- [Aim of the task]
The lines to repeat are those below from the one containing "Übermaß Kapuzenpullover mit Tasche - Image 6" down to the one containing "Tự làm bánh", both included; reproduce them exactly and nothing else.

Scraped caption text data:
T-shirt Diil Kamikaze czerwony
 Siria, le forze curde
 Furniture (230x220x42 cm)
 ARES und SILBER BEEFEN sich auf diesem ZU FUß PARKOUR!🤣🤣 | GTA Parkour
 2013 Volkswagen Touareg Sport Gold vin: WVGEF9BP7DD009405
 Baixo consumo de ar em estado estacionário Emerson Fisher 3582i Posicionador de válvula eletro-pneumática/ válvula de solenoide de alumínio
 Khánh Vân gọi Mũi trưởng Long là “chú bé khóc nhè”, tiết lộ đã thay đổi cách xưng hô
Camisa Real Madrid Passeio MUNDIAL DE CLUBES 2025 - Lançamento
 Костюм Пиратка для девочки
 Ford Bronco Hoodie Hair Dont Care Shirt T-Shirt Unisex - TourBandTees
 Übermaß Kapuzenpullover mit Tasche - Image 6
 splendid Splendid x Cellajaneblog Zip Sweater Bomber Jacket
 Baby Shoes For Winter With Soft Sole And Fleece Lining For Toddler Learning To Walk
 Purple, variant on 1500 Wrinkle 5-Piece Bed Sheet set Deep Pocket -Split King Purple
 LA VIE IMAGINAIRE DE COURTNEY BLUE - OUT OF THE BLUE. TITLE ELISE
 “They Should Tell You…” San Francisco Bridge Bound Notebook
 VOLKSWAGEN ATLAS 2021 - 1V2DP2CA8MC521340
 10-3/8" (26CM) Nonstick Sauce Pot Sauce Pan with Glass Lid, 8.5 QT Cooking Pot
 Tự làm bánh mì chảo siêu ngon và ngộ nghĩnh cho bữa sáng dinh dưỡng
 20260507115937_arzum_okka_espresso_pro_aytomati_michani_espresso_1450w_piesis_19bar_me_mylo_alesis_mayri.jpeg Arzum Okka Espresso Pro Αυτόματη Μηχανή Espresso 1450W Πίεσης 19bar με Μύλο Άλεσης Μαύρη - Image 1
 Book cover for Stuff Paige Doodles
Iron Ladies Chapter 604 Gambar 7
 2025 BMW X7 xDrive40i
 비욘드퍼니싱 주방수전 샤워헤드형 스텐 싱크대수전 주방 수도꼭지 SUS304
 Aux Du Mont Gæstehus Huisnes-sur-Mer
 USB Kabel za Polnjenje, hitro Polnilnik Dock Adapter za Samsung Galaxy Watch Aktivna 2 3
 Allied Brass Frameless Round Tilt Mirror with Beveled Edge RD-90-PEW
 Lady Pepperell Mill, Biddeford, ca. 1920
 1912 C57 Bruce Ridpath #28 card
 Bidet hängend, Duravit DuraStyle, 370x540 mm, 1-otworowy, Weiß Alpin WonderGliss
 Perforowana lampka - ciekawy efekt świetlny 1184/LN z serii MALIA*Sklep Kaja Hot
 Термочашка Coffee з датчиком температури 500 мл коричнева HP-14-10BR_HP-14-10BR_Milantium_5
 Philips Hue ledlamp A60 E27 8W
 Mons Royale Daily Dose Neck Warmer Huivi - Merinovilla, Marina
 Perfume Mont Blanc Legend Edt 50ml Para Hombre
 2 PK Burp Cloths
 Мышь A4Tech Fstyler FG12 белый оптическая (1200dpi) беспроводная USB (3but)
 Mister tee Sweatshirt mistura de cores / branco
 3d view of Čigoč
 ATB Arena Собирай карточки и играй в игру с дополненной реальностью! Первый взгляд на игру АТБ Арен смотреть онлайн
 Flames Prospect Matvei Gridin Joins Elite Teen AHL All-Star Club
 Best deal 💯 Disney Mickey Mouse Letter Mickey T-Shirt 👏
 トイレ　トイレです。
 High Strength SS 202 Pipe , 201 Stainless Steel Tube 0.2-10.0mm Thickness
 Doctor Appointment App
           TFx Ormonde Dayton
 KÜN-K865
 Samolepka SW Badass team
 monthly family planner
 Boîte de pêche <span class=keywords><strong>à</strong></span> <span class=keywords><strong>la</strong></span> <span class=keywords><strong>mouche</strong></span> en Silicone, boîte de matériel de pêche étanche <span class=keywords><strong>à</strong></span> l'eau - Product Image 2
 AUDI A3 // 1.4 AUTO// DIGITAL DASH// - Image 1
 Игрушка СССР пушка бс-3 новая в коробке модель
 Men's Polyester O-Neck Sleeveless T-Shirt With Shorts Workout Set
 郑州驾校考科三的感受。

- [Solution]
 Übermaß Kapuzenpullover mit Tasche - Image 6
 splendid Splendid x Cellajaneblog Zip Sweater Bomber Jacket
 Baby Shoes For Winter With Soft Sole And Fleece Lining For Toddler Learning To Walk
 Purple, variant on 1500 Wrinkle 5-Piece Bed Sheet set Deep Pocket -Split King Purple
 LA VIE IMAGINAIRE DE COURTNEY BLUE - OUT OF THE BLUE. TITLE ELISE
 “They Should Tell You…” San Francisco Bridge Bound Notebook
 VOLKSWAGEN ATLAS 2021 - 1V2DP2CA8MC521340
 10-3/8" (26CM) Nonstick Sauce Pot Sauce Pan with Glass Lid, 8.5 QT Cooking Pot
 Tự làm bánh mì chảo siêu ngon và ngộ nghĩnh cho bữa sáng dinh dưỡng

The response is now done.